Agree with the others, just ask the painter

Optimum Car Wax is safe on fresh paint - no solvents, abrasives and is very easy to use


----------



## Neil_Ireland (Jun 10, 2006)

I've a show to attend about 2 weeks after so wanted to have it looking it's best. It's solid yellow, would dodo orange crush be suitable?


----------



## james vti-s (Aug 9, 2011)

i waited one week, i couldn't wait any more and got breat results


----------



## Black.MB (Aug 22, 2012)

I was told to wait 30-90 days.


----------



## xJay1337 (Jul 20, 2012)

Isn't that 60 days then?


----------



## efib (Sep 18, 2012)

The guy that paint mine washed it the next day before handing it to me , should I been worried ?


----------



## Andyb0127 (Jan 16, 2011)

efib said:


> The guy that paint mine washed it the next day before handing it to me , should I've been worried ?


Washing if is fine. 
It's sealents that you can't use, as get will stop the out gassing process.

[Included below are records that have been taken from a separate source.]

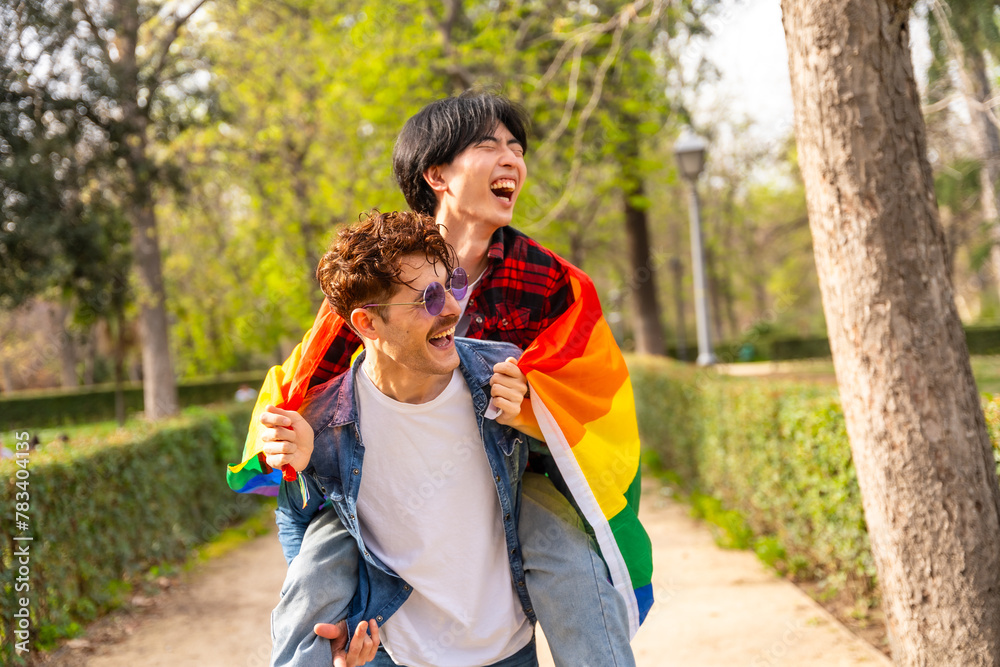 Fototapeta premium Happy gay couple piggybacking and laughing in a park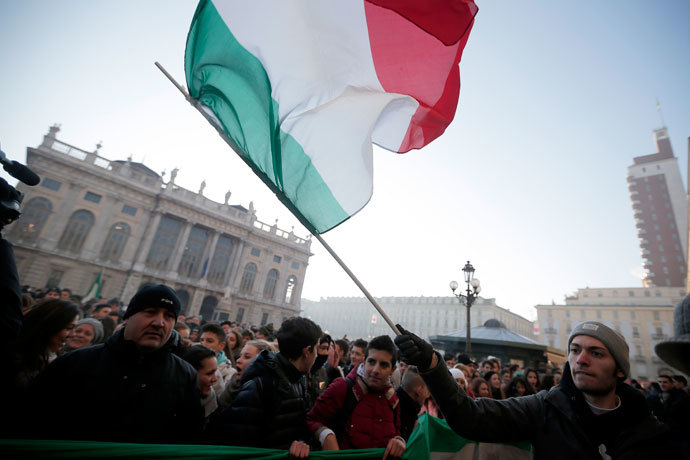 A man waves an Italian national flag during a protest against austerity measures in "Piazza Castello", in Turin on December 11, 2013. (AFP Photo / Marco Bertorello) 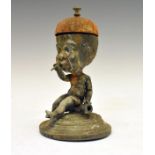 19th Century Britannia metal character figure counter bell formed as a seated child with a large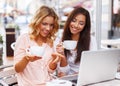 Two beautiful girls cups and laptop Royalty Free Stock Photo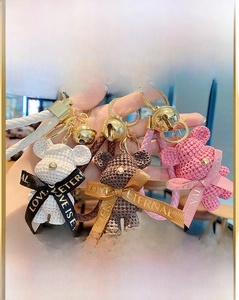 Detailed view of woven resin bear keychains in pink, brown, and white with gold bell charms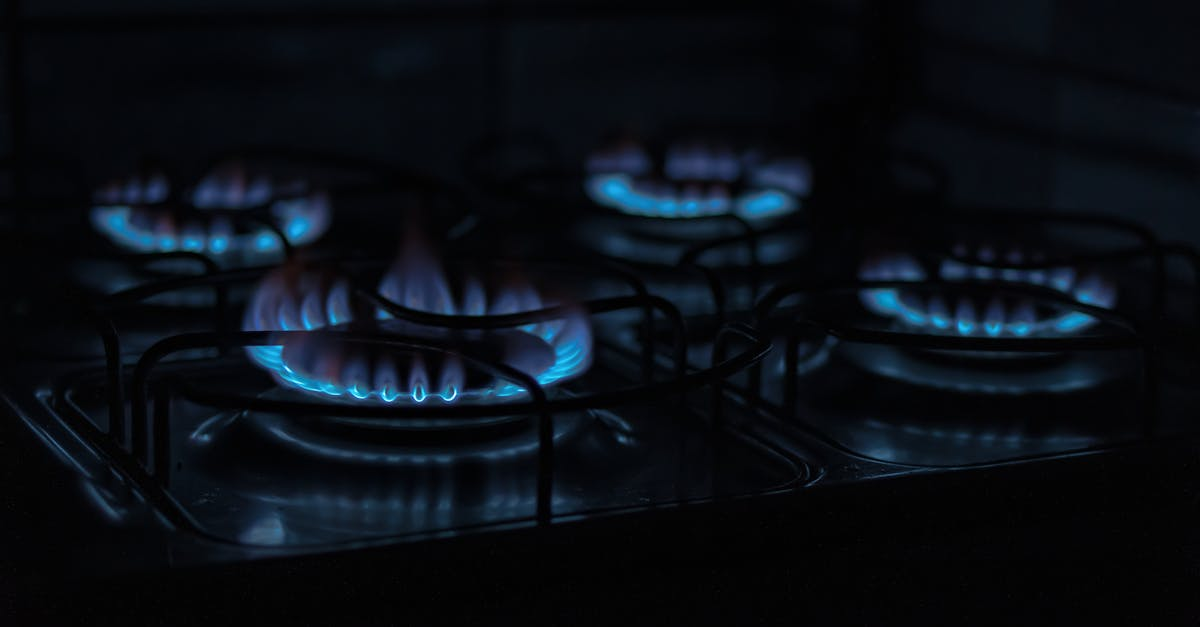 A close up of a gas stove with blue flames in the dark by D&D Construction Nottingham, Derby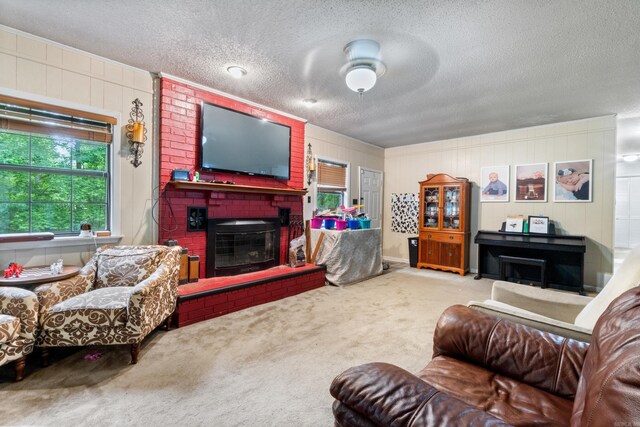 7104 Foxrun E End Dr, Mabelvale, AR 72103 - living area featuring a fireplace, a textured ceiling, carpet floors, and a ceiling fan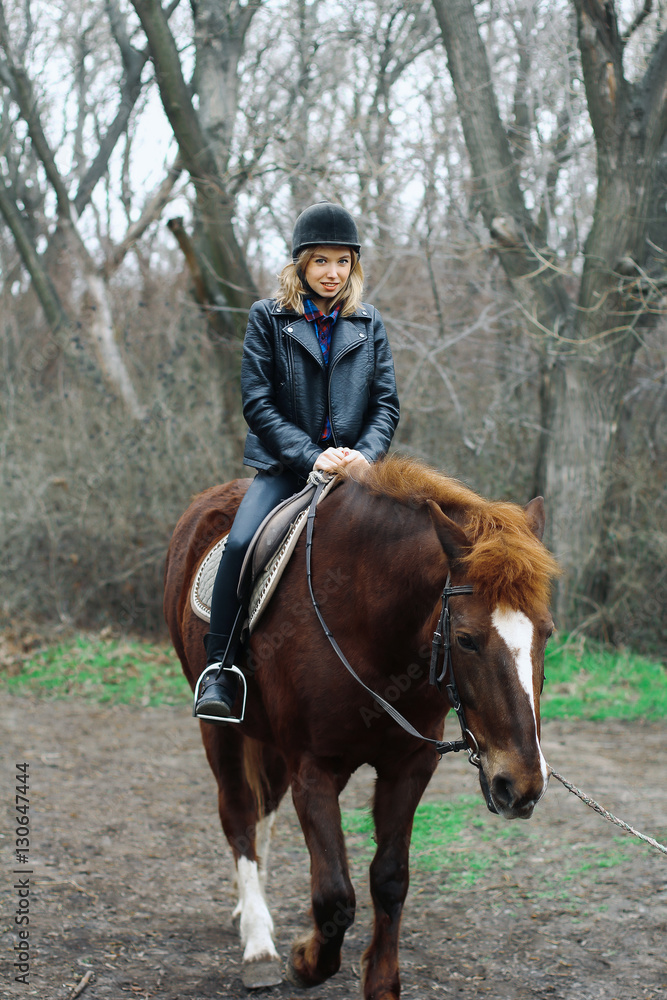 girl smiling while sitting on a horse in the forest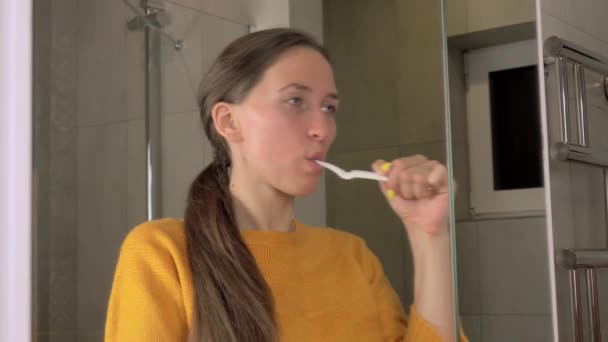 donna si riflette nello specchio si lava i denti con spazzolino e dentifricio - Filmati, video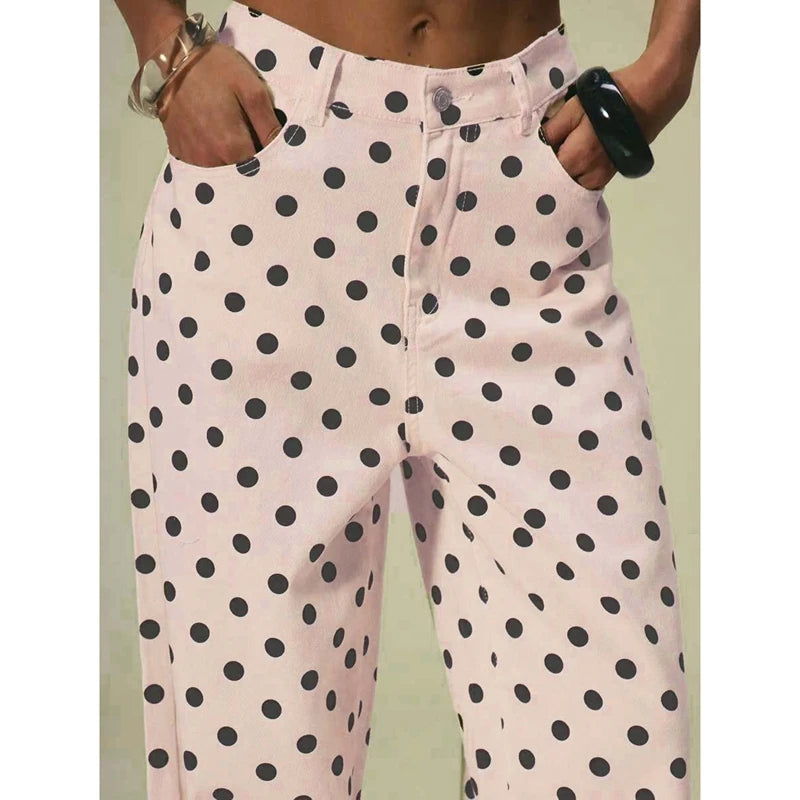 Pink pants with black polka dots worn by a person on a light green background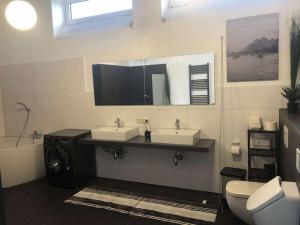 a bathroom with two sinks and a mirror and a toilet at EcoLodge Loft Comfortable holiday residence in Oesterdeichstrich +20 photos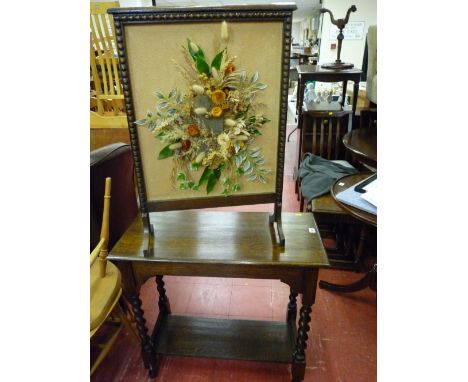 Oak barley twist two tier side table and a floral decorated firescreen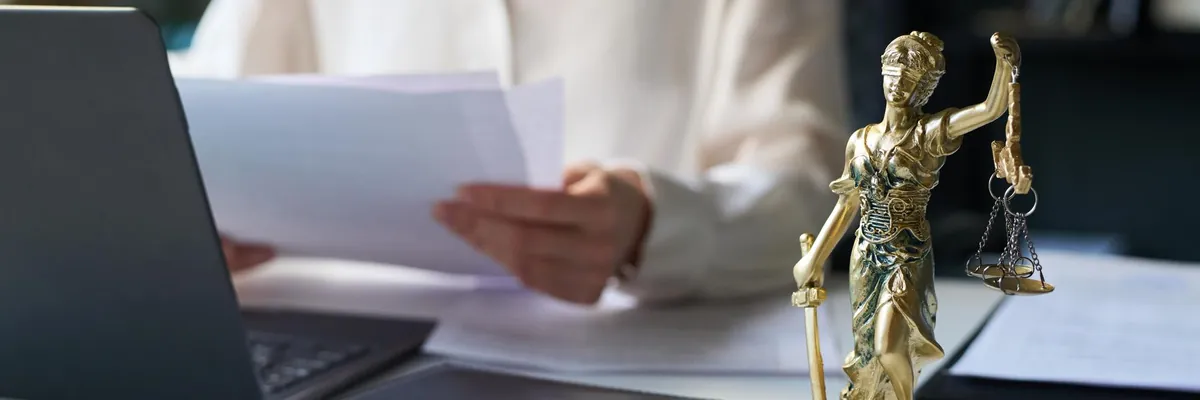 Revisión de documentos junto a un ordenador y una figura de la Justicia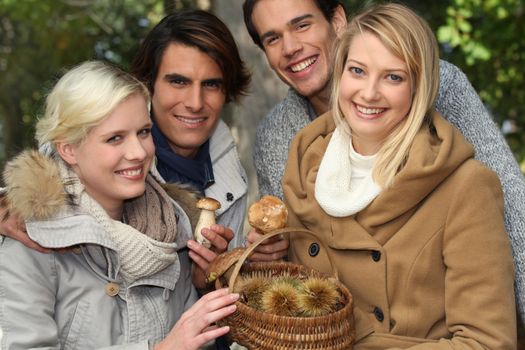 group of young people with a basket of chestnuts and mushrooms
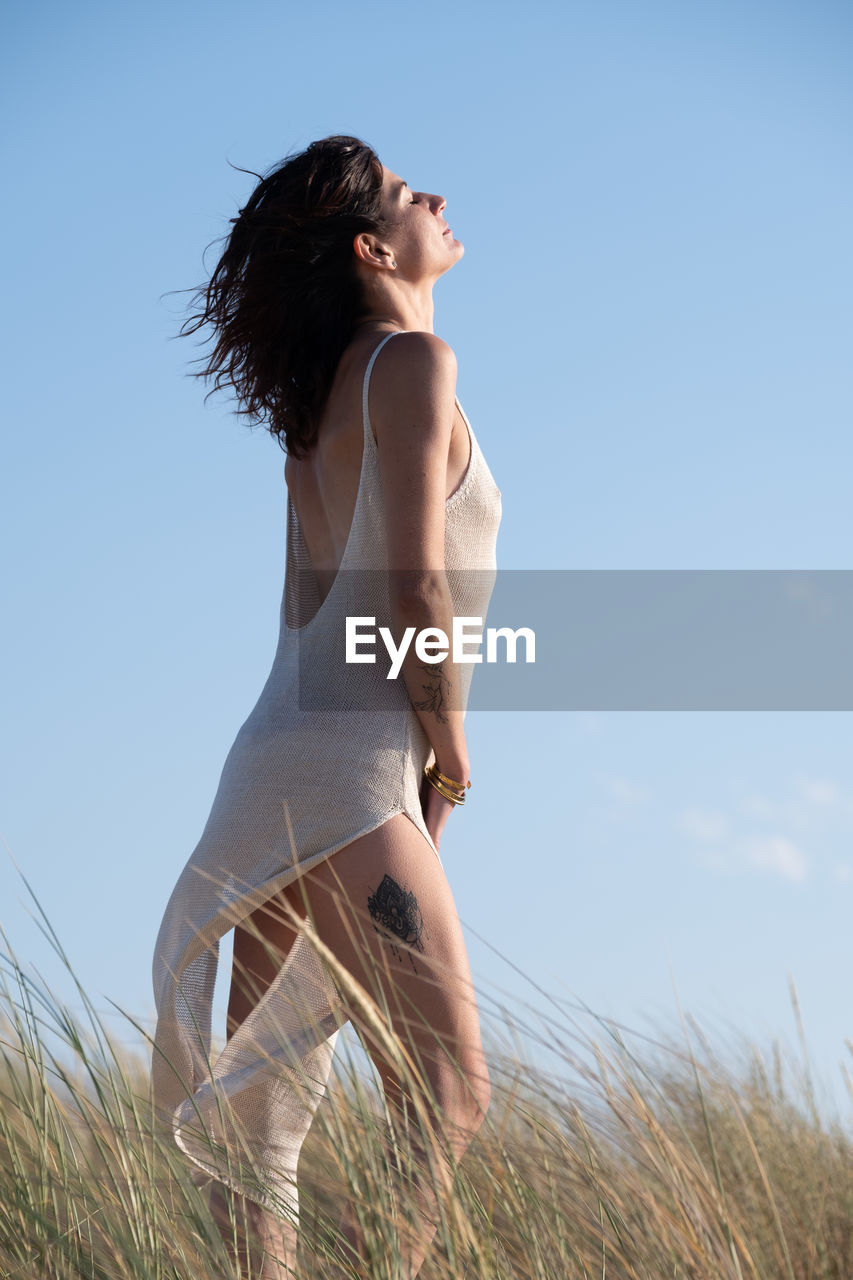 Young woman standing against sky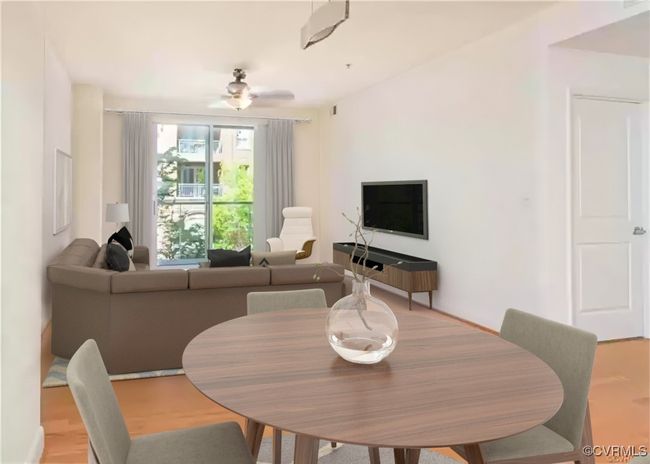 Dining area featuring light wood-type flooring and a ceiling fan | Image 7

Which is basically the paint curing process where the solvents are coming out of the paint.


----------



## efib (Sep 18, 2012)

Andyb0127 said:


> Washing if is fine.
> It's sealents that you can't use, as get will stop the out gassing process. Which is basically the paint curing process where the solvents are coming out of the paint.


Thanks for that , I was really worried :/ so I will wash it in the weekend and I will polish it and apply sealant etc after 3-4 months , it will be cured by then ( I hope )


----------



## TigerUK (Apr 1, 2012)

Crap I put sealant onto my front quarter panel within weeks of getting it fixed and painted after accident


----------